China said it can’t stop intervention in the yuan because economic growth is too weak and capital flows aren’t steady enough to warrant changes.
“The U.S. side has repeatedly asked, in terms of exchange-rate policy, whether China needs to intervene any more,” Finance Minister Lou Jiwei said at a press briefing yesterday in Beijing during economic talks between the countries. “But for us, under the current situation, when the economy hasn’t recovered fully and when cross-border capital flows are not completely normal, we’ll continue” existing practices, he said.
The comments signal China may move more slowly than the U.S. wants on liberalizing currency policy after it widened daily trading limits in March and the central bank said it would eventually end normal intervention in the market. Lou spoke hours after Treasury Secretary Jacob J. Lew said moving to a market-determined exchange rate will be a “crucial step” in helping drive China’s economic growth.
Vice Premier Wang Yang said that if China moves too fast on opening up to the U.S. and on exchange-rate reform, it may make “fundamental mistakes,” while moving too slowly would affect the policy process in China.
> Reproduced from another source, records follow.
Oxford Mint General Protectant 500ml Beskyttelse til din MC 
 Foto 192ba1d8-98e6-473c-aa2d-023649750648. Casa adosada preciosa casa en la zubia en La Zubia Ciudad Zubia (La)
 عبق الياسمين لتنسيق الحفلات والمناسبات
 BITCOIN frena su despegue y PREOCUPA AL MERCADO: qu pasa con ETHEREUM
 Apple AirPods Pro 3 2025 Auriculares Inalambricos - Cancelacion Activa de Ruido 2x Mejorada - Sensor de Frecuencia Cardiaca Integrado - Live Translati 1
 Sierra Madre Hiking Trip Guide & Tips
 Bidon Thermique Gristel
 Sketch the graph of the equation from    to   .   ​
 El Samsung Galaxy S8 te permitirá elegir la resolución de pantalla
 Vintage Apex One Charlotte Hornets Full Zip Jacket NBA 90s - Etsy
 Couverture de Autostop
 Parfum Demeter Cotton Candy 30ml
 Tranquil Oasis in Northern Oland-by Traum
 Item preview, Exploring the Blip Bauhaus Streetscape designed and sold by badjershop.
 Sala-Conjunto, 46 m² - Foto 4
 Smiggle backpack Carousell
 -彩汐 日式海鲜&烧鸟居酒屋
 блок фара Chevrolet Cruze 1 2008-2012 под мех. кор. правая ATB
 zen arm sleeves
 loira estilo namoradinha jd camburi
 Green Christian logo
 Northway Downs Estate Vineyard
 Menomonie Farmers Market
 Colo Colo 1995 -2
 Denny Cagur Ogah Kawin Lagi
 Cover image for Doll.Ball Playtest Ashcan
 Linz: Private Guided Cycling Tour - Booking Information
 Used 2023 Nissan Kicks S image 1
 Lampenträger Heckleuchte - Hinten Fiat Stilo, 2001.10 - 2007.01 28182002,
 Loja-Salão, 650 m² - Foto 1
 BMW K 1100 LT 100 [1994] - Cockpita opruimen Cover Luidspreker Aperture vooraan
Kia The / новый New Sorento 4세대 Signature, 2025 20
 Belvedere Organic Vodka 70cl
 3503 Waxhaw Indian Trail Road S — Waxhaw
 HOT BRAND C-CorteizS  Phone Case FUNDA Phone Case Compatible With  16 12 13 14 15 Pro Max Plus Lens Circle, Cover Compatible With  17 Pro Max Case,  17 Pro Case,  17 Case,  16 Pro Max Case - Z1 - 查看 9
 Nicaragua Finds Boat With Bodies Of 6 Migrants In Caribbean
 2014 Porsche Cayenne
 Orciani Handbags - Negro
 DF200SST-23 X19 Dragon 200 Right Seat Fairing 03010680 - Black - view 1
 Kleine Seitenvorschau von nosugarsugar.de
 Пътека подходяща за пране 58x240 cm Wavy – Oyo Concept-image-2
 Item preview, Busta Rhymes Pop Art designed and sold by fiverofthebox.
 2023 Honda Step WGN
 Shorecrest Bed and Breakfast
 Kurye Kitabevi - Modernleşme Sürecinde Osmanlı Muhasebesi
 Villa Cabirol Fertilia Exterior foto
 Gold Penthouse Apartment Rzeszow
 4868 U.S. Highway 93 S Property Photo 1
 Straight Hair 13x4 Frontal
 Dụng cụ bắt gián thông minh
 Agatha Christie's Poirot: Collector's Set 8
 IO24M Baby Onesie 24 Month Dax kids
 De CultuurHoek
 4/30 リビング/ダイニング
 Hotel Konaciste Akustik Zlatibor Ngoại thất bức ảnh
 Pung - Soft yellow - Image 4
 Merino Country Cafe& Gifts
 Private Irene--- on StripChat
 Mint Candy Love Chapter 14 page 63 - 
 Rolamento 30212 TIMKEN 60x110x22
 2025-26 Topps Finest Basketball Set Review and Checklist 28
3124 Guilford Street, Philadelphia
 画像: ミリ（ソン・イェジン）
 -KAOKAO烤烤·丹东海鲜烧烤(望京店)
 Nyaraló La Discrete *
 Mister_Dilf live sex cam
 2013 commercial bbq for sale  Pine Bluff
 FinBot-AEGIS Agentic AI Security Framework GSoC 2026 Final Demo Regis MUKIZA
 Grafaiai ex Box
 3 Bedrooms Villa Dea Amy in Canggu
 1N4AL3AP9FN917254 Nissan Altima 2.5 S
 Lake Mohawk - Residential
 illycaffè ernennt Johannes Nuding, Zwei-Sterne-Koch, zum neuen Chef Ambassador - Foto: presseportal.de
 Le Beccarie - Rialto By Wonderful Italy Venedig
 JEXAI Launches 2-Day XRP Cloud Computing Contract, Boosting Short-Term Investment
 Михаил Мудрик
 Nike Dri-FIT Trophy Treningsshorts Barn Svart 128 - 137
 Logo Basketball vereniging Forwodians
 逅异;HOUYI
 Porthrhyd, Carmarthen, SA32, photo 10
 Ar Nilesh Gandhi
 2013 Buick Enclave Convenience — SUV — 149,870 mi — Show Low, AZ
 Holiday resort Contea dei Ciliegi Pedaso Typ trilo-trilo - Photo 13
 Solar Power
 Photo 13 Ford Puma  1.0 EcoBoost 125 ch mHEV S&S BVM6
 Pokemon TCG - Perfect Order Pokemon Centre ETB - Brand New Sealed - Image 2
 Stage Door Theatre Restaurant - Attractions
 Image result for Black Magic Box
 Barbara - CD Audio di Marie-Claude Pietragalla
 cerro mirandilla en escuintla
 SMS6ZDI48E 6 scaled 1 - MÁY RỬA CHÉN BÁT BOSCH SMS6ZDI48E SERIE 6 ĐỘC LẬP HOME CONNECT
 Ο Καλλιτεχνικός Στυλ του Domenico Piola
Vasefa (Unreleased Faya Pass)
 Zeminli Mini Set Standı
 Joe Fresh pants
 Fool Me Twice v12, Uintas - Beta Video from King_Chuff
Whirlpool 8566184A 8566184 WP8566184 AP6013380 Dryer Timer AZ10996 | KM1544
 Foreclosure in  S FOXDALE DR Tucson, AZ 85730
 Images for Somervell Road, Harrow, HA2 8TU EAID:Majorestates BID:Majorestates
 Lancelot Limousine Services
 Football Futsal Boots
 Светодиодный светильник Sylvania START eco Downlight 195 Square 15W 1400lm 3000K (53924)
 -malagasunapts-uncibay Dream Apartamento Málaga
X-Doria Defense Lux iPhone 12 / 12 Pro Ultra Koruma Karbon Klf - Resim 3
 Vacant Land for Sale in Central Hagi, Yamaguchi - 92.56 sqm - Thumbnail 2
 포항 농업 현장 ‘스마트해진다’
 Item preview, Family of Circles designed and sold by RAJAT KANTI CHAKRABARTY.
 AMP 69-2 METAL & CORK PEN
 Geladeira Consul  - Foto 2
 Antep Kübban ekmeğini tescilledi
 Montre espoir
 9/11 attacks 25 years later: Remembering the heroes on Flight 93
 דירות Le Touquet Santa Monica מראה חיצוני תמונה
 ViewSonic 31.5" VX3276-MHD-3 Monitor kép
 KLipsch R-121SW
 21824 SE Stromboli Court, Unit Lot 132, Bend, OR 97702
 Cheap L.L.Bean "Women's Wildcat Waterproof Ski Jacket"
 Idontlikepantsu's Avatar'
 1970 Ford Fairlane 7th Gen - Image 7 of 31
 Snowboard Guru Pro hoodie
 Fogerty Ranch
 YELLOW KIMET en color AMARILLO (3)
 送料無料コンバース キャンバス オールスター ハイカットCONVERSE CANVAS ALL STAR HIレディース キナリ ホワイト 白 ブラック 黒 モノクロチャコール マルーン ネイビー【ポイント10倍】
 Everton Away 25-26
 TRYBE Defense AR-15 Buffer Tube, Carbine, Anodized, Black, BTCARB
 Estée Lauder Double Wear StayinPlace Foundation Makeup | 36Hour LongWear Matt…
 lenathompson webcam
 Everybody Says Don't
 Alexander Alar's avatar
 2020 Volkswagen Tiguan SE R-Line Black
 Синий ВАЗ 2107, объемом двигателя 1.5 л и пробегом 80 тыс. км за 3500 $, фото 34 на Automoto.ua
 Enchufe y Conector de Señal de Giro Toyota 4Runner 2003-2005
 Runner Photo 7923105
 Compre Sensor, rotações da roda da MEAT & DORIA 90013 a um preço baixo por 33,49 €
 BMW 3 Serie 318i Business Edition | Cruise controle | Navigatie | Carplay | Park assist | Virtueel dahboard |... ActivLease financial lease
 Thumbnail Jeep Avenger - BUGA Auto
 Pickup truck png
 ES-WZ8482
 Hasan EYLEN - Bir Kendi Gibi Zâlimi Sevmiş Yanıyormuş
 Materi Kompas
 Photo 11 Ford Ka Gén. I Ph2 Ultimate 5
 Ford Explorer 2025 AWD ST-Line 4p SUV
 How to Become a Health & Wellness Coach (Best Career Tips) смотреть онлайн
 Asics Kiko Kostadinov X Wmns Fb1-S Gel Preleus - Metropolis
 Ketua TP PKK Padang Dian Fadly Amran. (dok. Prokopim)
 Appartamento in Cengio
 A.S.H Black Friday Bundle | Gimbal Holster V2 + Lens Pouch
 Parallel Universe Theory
“So how to move at the right pace is something that we must manage well in our reform process,” Wang said at a meeting with U.S. officials including Lew.
The U.S. Federal Reserve’s tapering of bond purchases has sparked capital-flow volatility for countries including China, making exchange-rate control more difficult, Lou said.
China has introduced steps including faster infrastructure spending and tax cuts to support economic growth that slowed to a six-quarter low in the January-March period and is under threat from a property slump. Lou reiterated yesterday that China’s expansion target is “about 7.5 percent,” and said that 7.5 percent “isn’t a floor.”
The yuan has weakened about 2.3 percent against the dollar this year, the most among 11 major Asian currencies, following a 2.9 percent gain in 2013. China’s foreign-exchange reserves probably rose to a record $3.98 trillion at the end of June, based on the median estimate of economists surveyed by Bloomberg News, from $3.82 trillion in December.